Spain last year scored the highest public deficit in the entire European Union (EU), an exercise marked by the coronavirus pandemic , placing it at 11% of its gross domestic product (GDP), while the debt reached the 120% of GDP, the fourth highest percentage of the community club.

According to Eurostat data, last year, the public deficit and debt of the euro area and the Twenty-seven grew “significantly” compared to 2019 due to the measures taken to respond to covid-19.

In the nineteen countries that share the single currency, the public deficit went from 0.6% in 2019 to 7.2% last year, while in the EU it rose from 0.5% to 6.9%. As regards public debt, in the euro area it went from 83.9% at the end of 2019 to 98% at the end of last year, while in the 27 it progressed from 77.5% to 90, 7%.

All the member states of the community club registered public deficits in 2020, led by Spain (11%), Malta (10.1%), Greece (9.7%), Italy (9.5%), Belgium (9.4 %), France and Romania (9.2% in both countries), Austria (8.9%), Slovenia (8.4%), Hungary (8.1%), Croatia and Lithuania (7.4%) and Poland (7%).

All Community partners, except Denmark (1.1%), had a public deficit of more than 3%, a figure beyond which the Stability and Growth Pact considers it excessive.

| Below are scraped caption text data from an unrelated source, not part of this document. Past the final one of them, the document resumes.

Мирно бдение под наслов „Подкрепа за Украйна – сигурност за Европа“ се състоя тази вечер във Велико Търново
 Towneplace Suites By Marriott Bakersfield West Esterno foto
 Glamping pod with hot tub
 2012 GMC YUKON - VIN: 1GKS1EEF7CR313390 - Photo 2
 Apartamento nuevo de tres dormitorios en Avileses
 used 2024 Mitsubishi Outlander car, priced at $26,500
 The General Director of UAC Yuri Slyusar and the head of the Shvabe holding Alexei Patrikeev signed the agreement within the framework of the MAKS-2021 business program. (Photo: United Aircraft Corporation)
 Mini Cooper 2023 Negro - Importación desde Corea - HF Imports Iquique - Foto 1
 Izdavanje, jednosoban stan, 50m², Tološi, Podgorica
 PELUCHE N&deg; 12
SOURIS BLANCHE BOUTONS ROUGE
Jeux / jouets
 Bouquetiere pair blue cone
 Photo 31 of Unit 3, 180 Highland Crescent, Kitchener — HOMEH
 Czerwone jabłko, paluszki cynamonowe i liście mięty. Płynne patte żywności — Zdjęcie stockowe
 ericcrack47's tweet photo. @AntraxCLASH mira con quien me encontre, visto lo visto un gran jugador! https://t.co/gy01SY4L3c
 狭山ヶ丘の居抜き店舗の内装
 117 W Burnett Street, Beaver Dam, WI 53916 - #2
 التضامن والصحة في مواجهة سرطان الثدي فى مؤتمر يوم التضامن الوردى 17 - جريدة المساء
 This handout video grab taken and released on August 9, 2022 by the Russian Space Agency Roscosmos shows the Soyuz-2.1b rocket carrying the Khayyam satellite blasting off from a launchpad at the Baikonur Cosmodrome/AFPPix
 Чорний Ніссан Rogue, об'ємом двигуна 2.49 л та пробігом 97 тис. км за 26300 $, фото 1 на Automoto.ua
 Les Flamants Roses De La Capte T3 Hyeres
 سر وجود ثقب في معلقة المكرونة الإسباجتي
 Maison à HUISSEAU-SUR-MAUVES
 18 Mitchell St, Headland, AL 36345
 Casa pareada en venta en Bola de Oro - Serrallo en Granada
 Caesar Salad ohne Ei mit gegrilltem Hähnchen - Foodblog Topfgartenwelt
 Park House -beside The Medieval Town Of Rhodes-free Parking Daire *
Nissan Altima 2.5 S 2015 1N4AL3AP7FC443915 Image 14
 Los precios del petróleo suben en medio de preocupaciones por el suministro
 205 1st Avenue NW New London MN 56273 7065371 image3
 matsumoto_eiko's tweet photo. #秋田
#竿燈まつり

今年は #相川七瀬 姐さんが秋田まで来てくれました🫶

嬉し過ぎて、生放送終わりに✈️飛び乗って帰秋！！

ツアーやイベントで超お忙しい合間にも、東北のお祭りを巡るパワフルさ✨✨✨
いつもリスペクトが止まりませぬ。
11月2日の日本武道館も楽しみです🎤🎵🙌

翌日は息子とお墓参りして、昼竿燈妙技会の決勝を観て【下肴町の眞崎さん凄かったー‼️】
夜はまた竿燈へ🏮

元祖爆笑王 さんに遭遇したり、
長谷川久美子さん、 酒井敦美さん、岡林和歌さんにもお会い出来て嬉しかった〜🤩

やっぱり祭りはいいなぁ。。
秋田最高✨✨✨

In the case of Spain, the Government already announced on March 29 that the deficit of the public administrations as a whole stood in 2020 at 113,172 million euros, 10.09% of GDP, which multiplies the figure almost by four of 2019 (2.86% of GDP) and reaches the highest level since 2009 (11.06% of GDP).

The impact of the Company for the Management of Assets from Bank Restructuring (Sareb) raises the calculation of the public deficit, once financial aid has been included, to 10.97% of GDP. Regarding public debt, the lowest percentages at the end of last year were found in Estonia (18.2%), Luxembourg (24.9%), Bulgaria (25%), the Czech Republic (38.1%) and Sweden (39.9%).

A total of 14 member states recorded percentages of public debt above 60% of GDP, which the Stability and Growth Pact considers excessive. The highest figures corresponded to Greece (205.6%), Italy (155.8%), Portugal (133.6%), Spain (120%), Cyprus (118.2%), France (115.7%) and Belgium (114.1%).

According to data published by the Bank of Spain on March 31, the expenses derived from the covid-19 pandemic and the incorporation of Sareb into the public sector calculation triggered the debt of public administrations to a record of 1.35 trillion euros at the end of 2020, 120% of GDP. Spanish public debt increased by 156,750 million euros compared to 2019, 13.2%, which raised the total figure to 1,345,570 million, the highest in the historical series that begins in 1995.

In 2020, eurozone government spending was equivalent to 54.1% of GDP and revenues, 46.8%. Data for the EU were 53.4% ​​and 46.5% respectively. Eurostat noted that in both areas the ratio of government spending grew “significantly”, while the percentage of revenue increased “only slightly”.